GM raises 2018 forecast, predicts stronger 2019 earnings
January 11, 2019 by Tom Krisher The Associated Press
January 11, 2019 – General Motors strengthened its pretax profit estimate for 2018 and predicted even stronger performance for this year as it executives made a presentation to investors on Friday.
Shares jumped 7 per cent at the opening bell.
CEO Mary Barra also says the company doesn’t foresee any further job cuts through 2020. Last year GM announced plans to close five North American factories and lay off 14,000 salaried and blue-collar workers.
The company predicts 2018 pretax, per-share profits will be higher than the $5.80 to $6.20 range it forecast in the third quarter. For 2019, it expects that to increase to $6.50 to $7.
The rosy profit forecast comes despite declining sales for the company in the U.S. and slowing sales in China. GM also plans to exit several car lines in the U.S. in the coming year.
The outlook exceeded Wall Street’s expectations for both years. Analysts polled by FactSet expect pretax earnings of $6.24 for 2018 and they predict a decline for this year, to $5.92.
In a briefing for reporters before the presentation in New York, Barra said GM has enough new trucks and SUVs coming this year to offset any U.S. sales decline caused by scrapping car models such as the Chevrolet Cruze.
The company is rolling out new full-size pickup trucks and has heavy-duty versions coming later in the year. It also will have a full year of sales for the Cadillac XT4 and Chevrolet Blazer new SUVs, as well as new Cadillacs to be announced later, she said. “We think we have a very, very strong product portfolio this year, and we’re really looking forward to getting those vehicles, trucks crossovers in to the marketplace,” she said.
Chief Financial Officer Dhivya Suryadevara said restructuring efforts will help GM’s bottom line in 2018 by $2 billion to $2.5 billion, with a total benefit of $4.5 billion in cost savings and $1.5 billion less in capital spending by the end of 2020.

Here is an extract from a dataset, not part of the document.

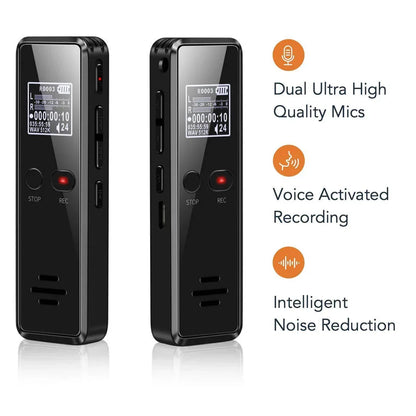 Belro professional digital voice recorder with built-in speaker and auto-saving files, ideal for audio recording and sound capture.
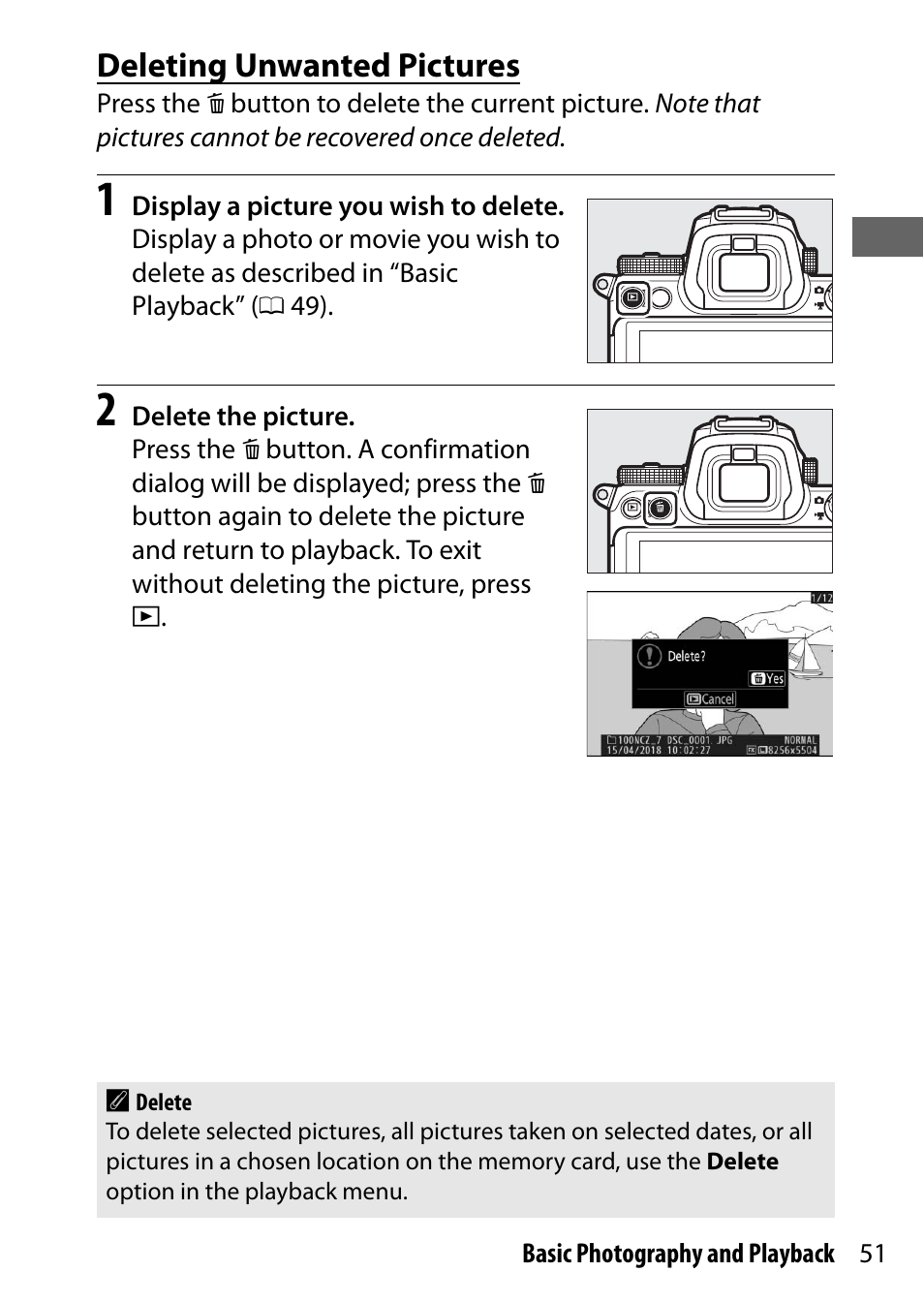 Deleting unwanted pictures | Nikon NIKKOR Z 70-200mm f/2.8 VR S Lens User Manual | Page 75 / 272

Barra said that based on current business conditions, she sees no further layoffs or plant closures through the end of 2020. “We’ve made all the announcements that we need to make. We’re continuing to transform the company,” she said.
In November, GM announced plans to shut the plants and lay off the workers, including about 3,300 at four U.S. factories that mainly make cars and components, 2,600 at a factory in Canada and over 8,000 white-collar workers. The company said the moves are necessary to stay financially healthy as it makes the transition to more electric and autonomous vehicles.
Barra said Friday that GM has 2,700 jobs at other factories for the 3,300 U.S. factory workers slated for layoff. About 1,500 workers have expressed interest in moving to other plants, and 700 already have been placed, she said. Another 1,200 are eligible to retire, she said.
GM has faced withering criticism from politicians and U.S. and Canadian unions because of the cuts. The company says it still has to negotiate possible closures in the U.S. with the United Auto Workers union.
Plants slated for closure include Lordstown, Ohio; Detroit-Hamtramck, Michigan; Warren, Michigan, White Marsh, Michigan, near Baltimore and Oshawa, Ontario near Toronto.
In China, GM expects sales to be flat overall, around 27 million. Even with 20 new or updated models coming in the country this year, Suryadevara predicted a small decline in profits from China.
GM also said its Cadillac brand would get the first electric vehicle in 2021 from a new architecture of battery-powered cars.